Exactly the lines from the one with "Універсал Volkswagen Golf" through the end of the records below are to be output, the first and last included, and no others.

Segment Start: Records for this task

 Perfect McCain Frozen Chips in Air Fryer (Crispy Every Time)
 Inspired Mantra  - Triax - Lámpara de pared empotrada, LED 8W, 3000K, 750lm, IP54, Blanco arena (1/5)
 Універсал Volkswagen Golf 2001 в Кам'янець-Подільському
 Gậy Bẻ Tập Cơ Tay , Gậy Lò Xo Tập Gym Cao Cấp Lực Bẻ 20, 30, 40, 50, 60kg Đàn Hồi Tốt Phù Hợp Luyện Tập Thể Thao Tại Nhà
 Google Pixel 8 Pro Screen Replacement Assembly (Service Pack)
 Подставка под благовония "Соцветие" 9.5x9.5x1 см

Segment End: Records for this task

> _Answer_
 Універсал Volkswagen Golf 2001 в Кам'янець-Подільському
 Gậy Bẻ Tập Cơ Tay , Gậy Lò Xo Tập Gym Cao Cấp Lực Bẻ 20, 30, 40, 50, 60kg Đàn Hồi Tốt Phù Hợp Luyện Tập Thể Thao Tại Nhà
 Google Pixel 8 Pro Screen Replacement Assembly (Service Pack)
 Подставка под благовония "Соцветие" 9.5x9.5x1 см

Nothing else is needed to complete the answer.